Not sure what a Handi-Skill is? Perhaps a better name for this series would be Real World or Real Life Skills.

As we start out on our unschooling journey, I’ve had my eyes {and mind} open to finding unschool opportunities for those basic skills that I feel are necessary. I would say that Consumer Math is probably one of the most important to learn before going out on their own, and going to the grocery store has to be the most natural real world math experience there can be!

grocery shopping for learning consumer math - unschooling

I know it’s easier to go to the grocery store without the kids. Oh, boy do I know it! But, if they don’t go, they are missing out on a valuable learning opportunity. Or, maybe you always take your kids, and you are looking for ways to occupy their attention so that you can get the real work done. I want to suggest that perhaps they can be a bigger help than you realize – especially if they are school-age.

First, a couple of warnings:

  1. Do not attempt this when your kids are hungry, tired, or sick.
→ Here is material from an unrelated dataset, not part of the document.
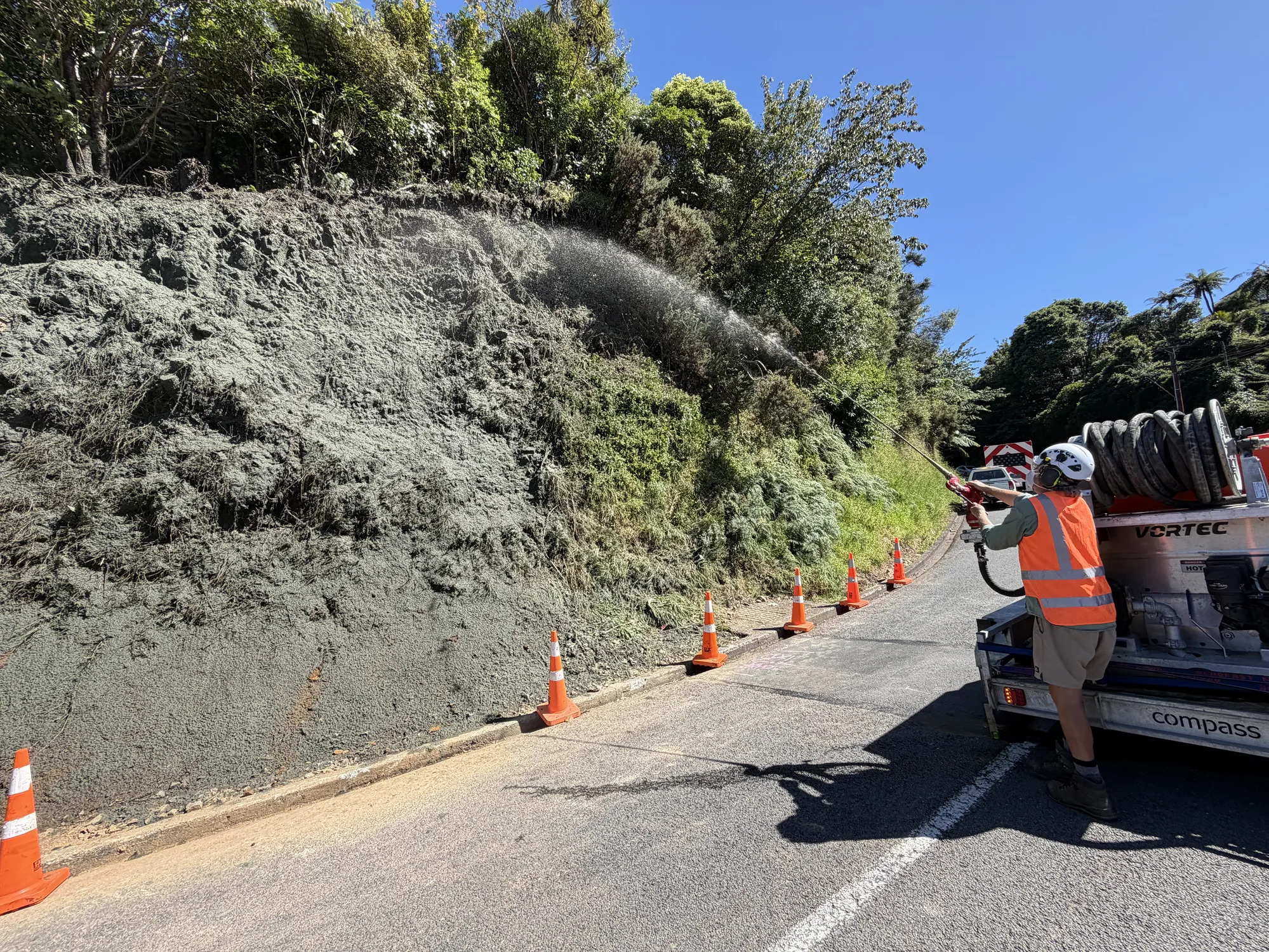 Street works slope stabilised with hydroseed erosion control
You will both leave frustrated.
  2. Do not attempt this when YOU are hungry, tired, or sick.

In Christian Unschooling by Teri J Brown (p32), she shares how she encouraged her children to practice consumer math. She handed them each $10, and they were to buy their lunches for a week – and that they should be healthy. {I kind of forgot that last part – oops!} This could even be used with younger children – perhaps giving them $5 to choose their snacks for the week.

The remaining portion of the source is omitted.